At the training session, another person, Mukund, also gave a talk. He talked about a technical topic (networking). He was one of my reports at Juniper, and he was the person who put me in touch with the people at Bijapur.
On the first day the sessions did not go that well. The students were pretty quiet and did not particapate much. I came up with some stuff on the fly to get them to particapate more and it helped a little. Nevertheless the session was quite successful and the feedback (we passed out a feedback questionnaire) was quite good. The next day I emphasised more on involving the people and the response was much better. At the end of the day we did a mock group discussion with some of the students particapating and the rest looking on. It went very well and I think people really benefited from seeing hands-on how the dynamics in a group discussion work.

Some notes on the photographs: there are two photographs with a group of us standing on the road -- this is the group of lecturers who organized the whole thing.
There are some photographs of me and Mukund interacting with the students during a tea break. Priya was not very appreciative of some of these photos :-)
I feel quite mortified seeing some of the photographs of me talking -- my posture is terrible. I have a particularly bad posture when I hold the mic out to someone to talk -- I put my hand on my hip and thrust my tummy out in a very ungainly way. Defiintely a learning opportunity for me. The beard looks very bad in some views.

I think the students rarely get exposure to someone from industry and someone with some level of polish and communication so overall I think it was a pretty good experience from them, both from some hard facts as well as the general exposure.

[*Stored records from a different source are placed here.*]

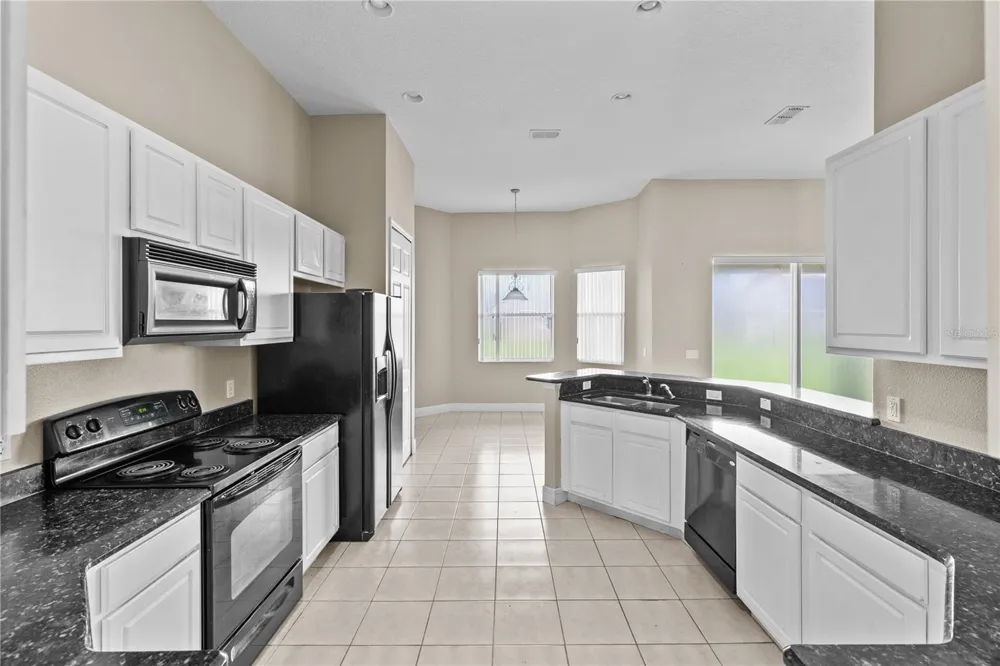 2671 BOAT COVE CIRCLE Kissimmee, FL 34746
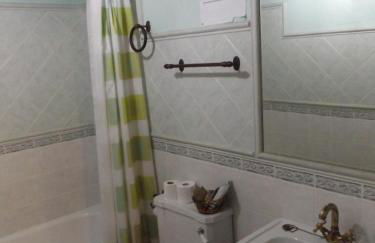 La Fragua de los Alvaro - Foto 15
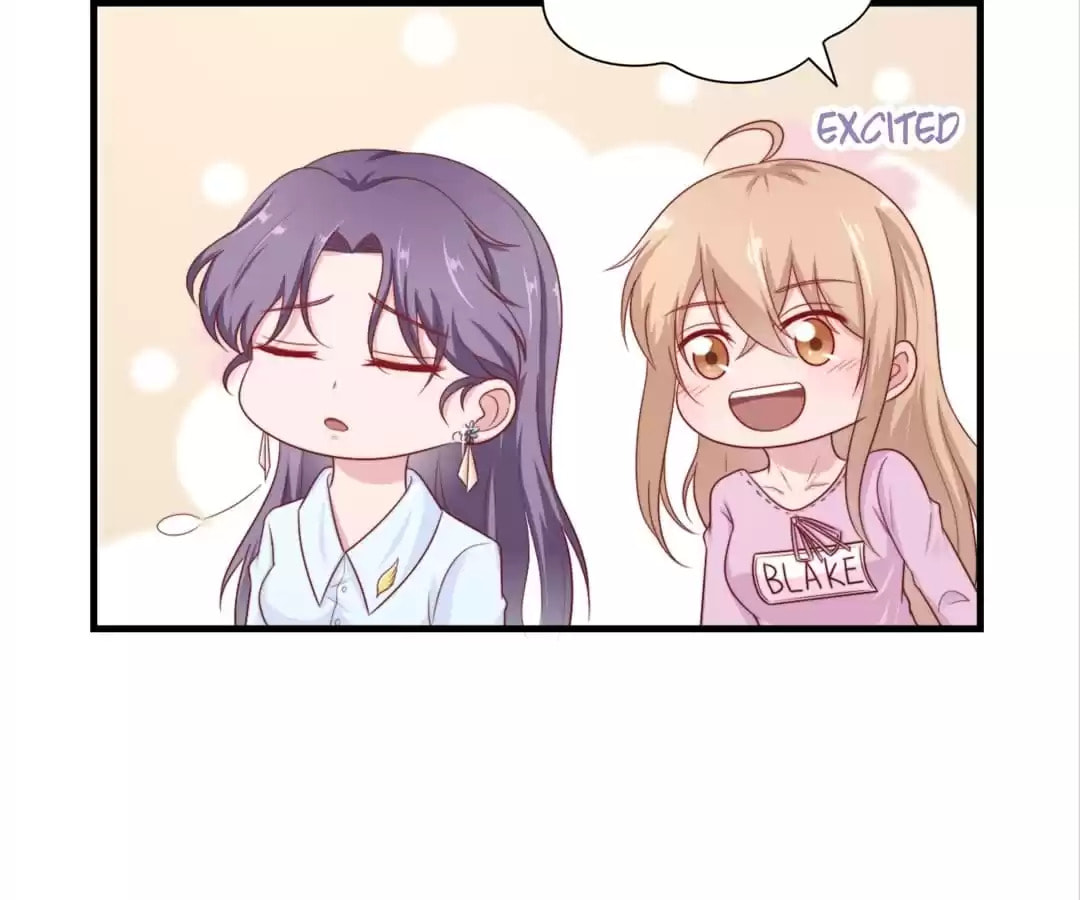 Read The Flying Planet (Colored) chapter 57 image 24 on Lezhin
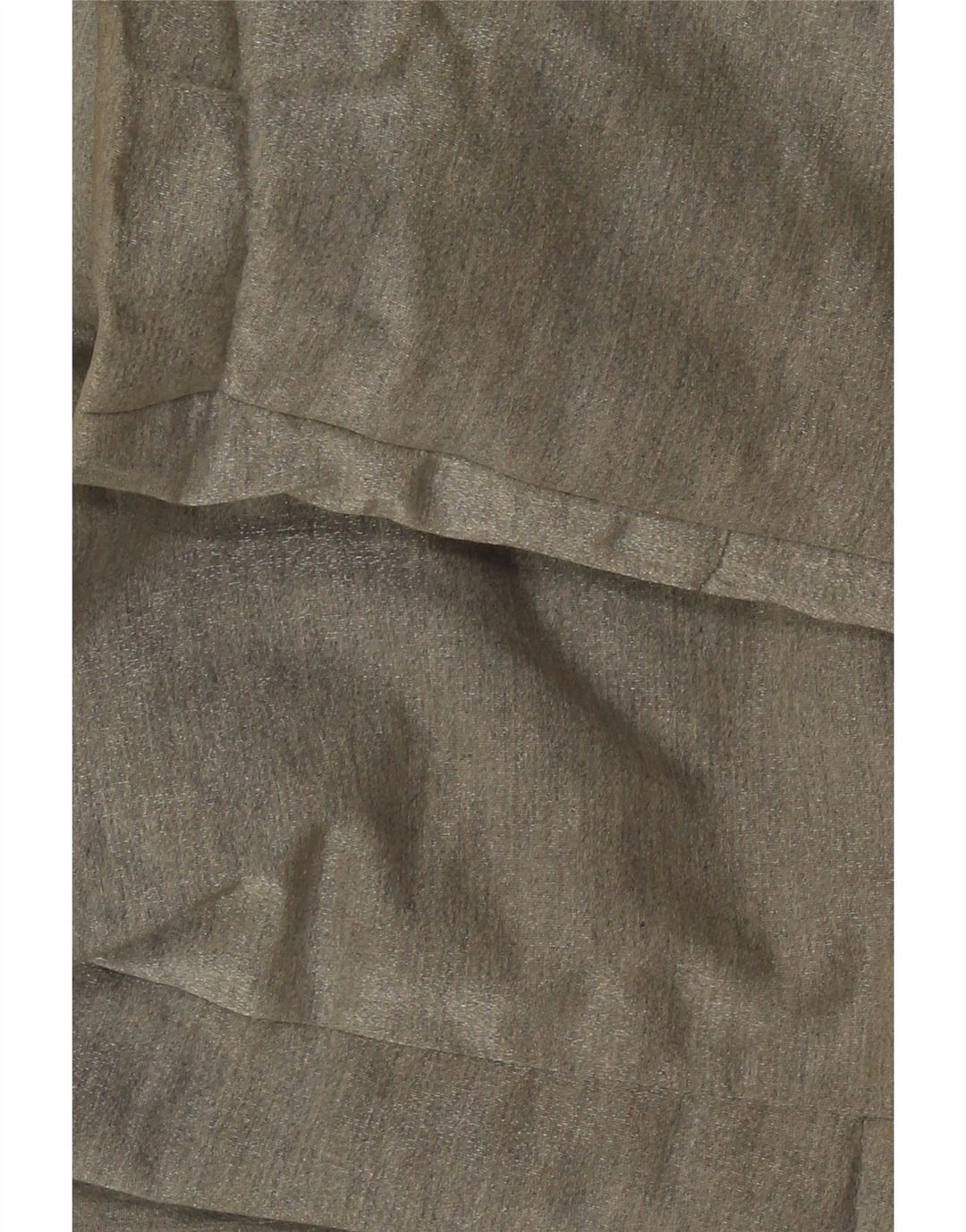 PEUTEREY Ženska podstavljena jakna IT 44 Srednje sivi pamuk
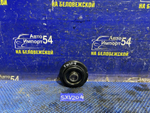 Шкив коленвала TOYOTA CAMRY GRACIA 1999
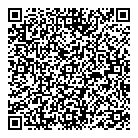 QR код "Берлога"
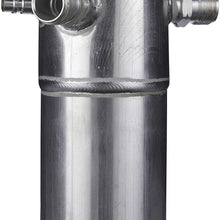 Spectra Premium 0233156 A/C Accumulator
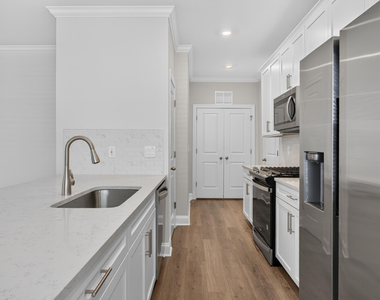724 Westec Way - Photo Thumbnail 8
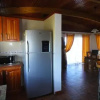 Отель Heva Eco Lodge, фото 4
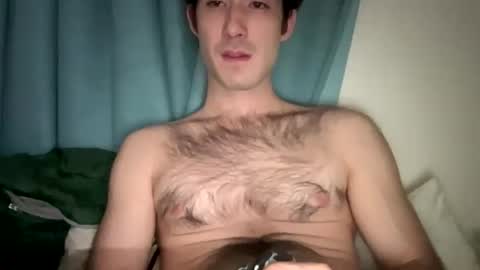 9thislandd online show from April 18, 2026, 8:09 pm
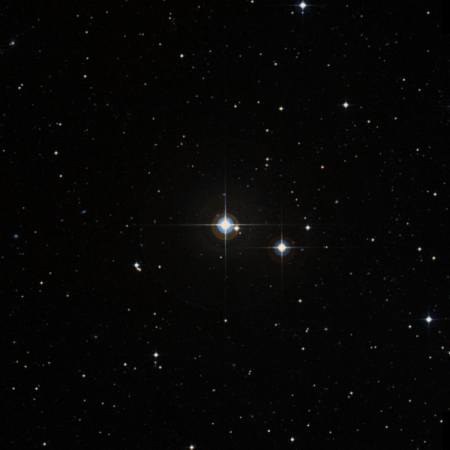 Image of HIP-18173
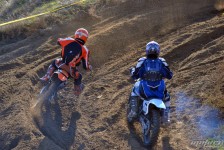Motocross-Milci-227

I came back from the talk on something of a high, but haven't pursued this direction much because of getting involved with Arghyam. However I feel quite attracted to the idea of being like an independant consultant. I feel I don't have the drive and people-ness to be the leader of an organization, and at the same time I have enough thinking skills (ahem, Arvind) and general smarts and ambition to do something good. So an independant consultant seems like a good midway option.

There was one more interesting aspect to the experience -- the situation of having to be in control or to keep the attention of a roomful of people. I'm sure you would agree that this could be quite an unnerving experience. Luckily these students were amenable people (if not downright silent) so I didn't have that much stress. One of the things that helped me was having done the Landmark courses. Not from learning from the courses per se, but from watching how the course leader managed the whole experience. I was completely dazzled by the way the did it and unconsciously learnt a lot and adopted it as my gold standard. I felt a couple of times during the Bijapur course when I was hitting the high spots that I was like a Landmark Forum leader myself and dazzling the kids. Not that difficult actually since as I said these were people without a lot of outside exposure, but nevertheless a very good feeling and yes, good for the ego.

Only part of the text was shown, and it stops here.